Cost lifecycle. LoreOS reserves credits before the provider call — a send that would exceed a hard cap is rejected with 402 budget_exceeded before any model spend — then settles the actual usage after the turn completes (success or failure: you are charged what was actually spent). The usage_credits you read in a trace is the settled amount.

Cost classes. credits are USD. The canonical ledger also classifies each event by usage_class, so your dashboard can separate user COGS from character operating cost:

`usage_class`	What it means
`user_direct`	visible work directly caused by an end-user action, such as a normal reply
`user_proactive`	a delivered character-initiated message for one end user
`user_maintenance`	session-scoped maintenance caused by user activity, including world-model, canon, relationship, user-intent, reflection, and life-arc work
`character_infrastructure`	scheduled or ambient character work, including Story Room daily runs, proactive candidate sweeps, offscreen scene realization, and ambient-life planning
`app_setup`	developer setup and migration work, such as transcript import extraction
`platform_internal_excluded`	internal platform work excluded from customer cost

Use GET /v1/usage?group_by=usage_class for the raw grouped ledger. Use GET /v1/account/apps/{app_id}/cost-summary when a console or coding agent needs the pricing view: user_attributed_cost_usd, character_infrastructure_cost_usd, app_setup_cost_usd, active_reservations_usd, top end users, top characters, and pricing_guidance.suggested_customer_cogs_usd.
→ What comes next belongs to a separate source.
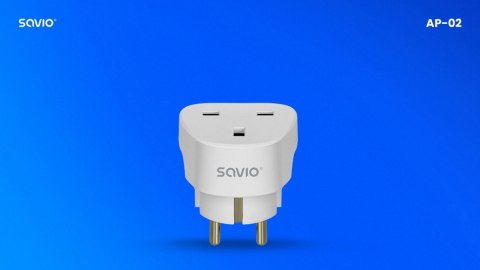 Savio Adapter podróżny, gniazdo UK wtyk EU AP-02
The hosted developer console renders that account-plane projection in Cost overview, Per-user metering, and Cost, Usage And Caps, so developers can see user-driven cost and character infrastructure cost without building a dashboard first. Its External Users And Limits panel renders each managed end user’s spent cost, hard limit, reserved in-flight cost, remaining budget after holds, and last activity.

Where a failed or blocked image shows up. GET /v1/usage reports settled cost only. An image that was attempted but never generated (e.g. the image provider returns an error, or a 402 budget_exceeded blocked it before the call) costs $0, so it does not appear in /v1/usage — there was no spend. The attempt and its failure are visible elsewhere:

image-probe failure → GET /v1/characters/{slug}/image-probe/{probe_id}: status is "failed" with a message. (servable: true and status: "failed" is the correct-but-confusing case where the image was generated + stored but the request was then rejected.)
inventory-generate failure → the per-item result in the inventory-generate report.
reply image failure → a message.failed event on the session log.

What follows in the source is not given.